Colin Campbell: Partisans must await results of 9th District investigation
Published 12:00 am Tuesday, February 5, 2019
By Colin Campbell
RALEIGH — Even in today’s polarized political environment, you’d think that both parties would be equally troubled by credible allegations of election fraud.
For months, we’ve been awaiting the results of the state elections board’s investigation into possible fraudulent absentee ballots in Bladen and neighboring counties — allegations that, if true, could affect who won a close race for the 9th Congressional District seat.
Investigators’ findings have been under wraps amid political wrangling over the state elections board.
But as of last week, there’s a new board in place and a full hearing on the matter is scheduled for Feb. 18.
You’d expect smart political leaders to hold their tongues until the investigation is complete. Both parties should simply be saying something like “the reports and allegations of possible election fraud are troubling. We urge the elections agency to conduct a thorough investigation and call for a new election if the results prove to be tainted. Anyone who violated election laws must be prosecuted.”
Not hard, right? But instead, both parties have sought to politicize the matter as we await the facts.
The N.C. Republican Party keeps changing its tune. When the elections board first refused to certify the election results in December, party leaders demanded that Republican Mark Harris — who had more votes in the final count after the election — be certified as the winner and head to Congress.
But then news reporters descended on Bladen County and turned up disturbing new information. Campaign workers paid by a Harris campaign contractor admitted on camera that they picked up completed absentee ballots and delivered them to the contractor Harris hired, McCrae Dowless. That’s illegal, as voters are required to mail or deliver their ballots themselves or have a close relative assist them.
Some voters told news outlets that they’d handed over absentee ballots, but their vote was never counted. As the allegations mounted, N.C. GOP Executive Director Dallas Woodhouse reacted appropriately.

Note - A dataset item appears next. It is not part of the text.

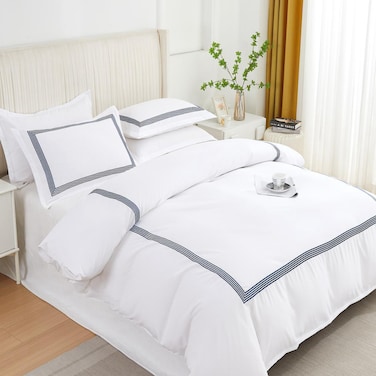 MMM HOME 6-Pieces Embroidered King Size Duvet Cover Set ,1 Duvet Cover + 1 Fitted Sheet + 4 Pillow Covers,Elegant Design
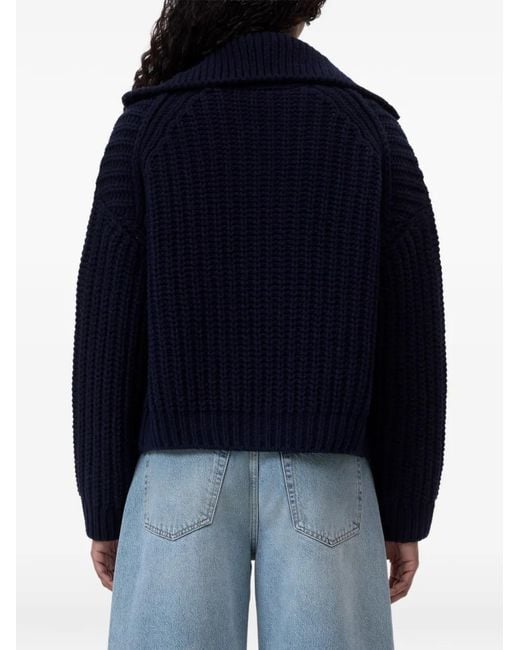 Closed Blue Chunky-Knit High-Neck Cardigan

He went on TV and indicated the party was open to the possibility of a new election depending on the investigation results. He said the situation “has shaken us to the core,” and that watching news reports made him sick to his stomach. He even penned an opinion article praising the media for its reporting on the topic, arguing that “serious efforts at reform can only succeed when everyone works to fix the systematic failures that allowed the rampant criminal behavior to become common accepted practice.”
But Woodhouse’s party activists refused to follow his lead, conditioned by their president to distrust facts presented by the news media. Many Republicans stood behind Harris and refused to believe the news.
That’s prompted Woodhouse and other party leaders to give up trying to be the adults in the room. They’re using concerns about someone who’s no longer even on the state elections board to argue that “the entire legitimacy of the investigation is compromised,” and that it “smacks of a planned political hit job for revenge.” Never mind that the actual probe is being led by elections director Kim Strach, who was appointed by Republicans.
Democrats, meanwhile, don’t want to wait for the investigation before they start insinuating that Harris is a crook. “Either (Harris) knew what was going on, which I don’t know how you wouldn’t, and he should be in jail … or he turned a blind eye to fraud,” Democratic candidate Dan McCready told WBTV News last month.
To be clear, all we know for sure about Harris is that he showed poor judgment in hiring Dowless, a convicted felon with a super sketchy reputation. Investigators are working to determine what he knew and whether it would amount to wrongdoing.
The N.C. GOP and the Democratic Party are working to make sure their followers have made up their minds before the investigation is complete. If the elections board hears the evidence and splits along party lines, we’ll have a stalemate: At least one Republican vote is needed to call a new election, and at least one Democratic vote is needed to certify existing results.
If that happens, voters across the political spectrum will lose faith in the integrity of our election system.
And the political hacks running the state’s partisan machinery will be largely to blame.